- Jan 2012
- South Midlands in Britain
I have illustrated the resistance in England to the Glorious Revolution. It had to be peaceful as it had no major political substance, having predicated its own destruction through arbitrary excesses in the later years of the reign of Charles II and the reign of James II. It is not appreciated that throughout the post-Reformation period in England there was a very deep fear among all Protestants of a murderous Catholic intervention from the continent.There were many English royalist who fled to Ireland. When Cromwell conquered Ireland, they had to flee to the continent. I would think many of them were high church Anglicans.
Wouldn't the Jacobites fighting for France or Spain include many Scotish, as well as Irish and English? There was resistance to William's usurpation in Scotland, but not in England. Also there were later Jacobite rebellions in Scotland.

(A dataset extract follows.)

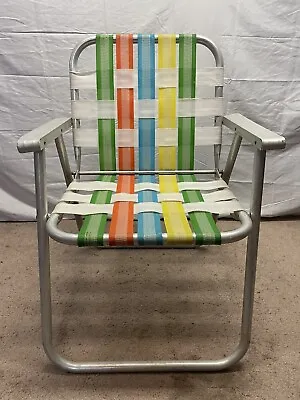 Vintage Aluminum Folding Lawn Chair Multicolor Webbed • $30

Any Anglicans in Jacobite regiments would be fighting for France rather than Spain, because Spain allowed only Roman Catholics.
The principle Jacobite risings in Scotland after the Act of Union in 1707, namely the 1715 and 1745 rebellions, had a more complex nature to them than just support for the Old and Young Pretenders to the throne. There was also an incipient resistance to fact of the Act of Union that finally united the English and Scottish thrones. Many contemporary Scottish Nationalists draw an inspiration from these risings.
It would be very wrong to assume that the Reformation in Scotland mirrored the Reformation in England. In England the Reformation was driven by the Crown and woe betide anyone who resisted, whereas in Scotland it was more insurrectional, driven by middle class sentiment than any desires for religious conformity on the part of the monarch and the aristocracy.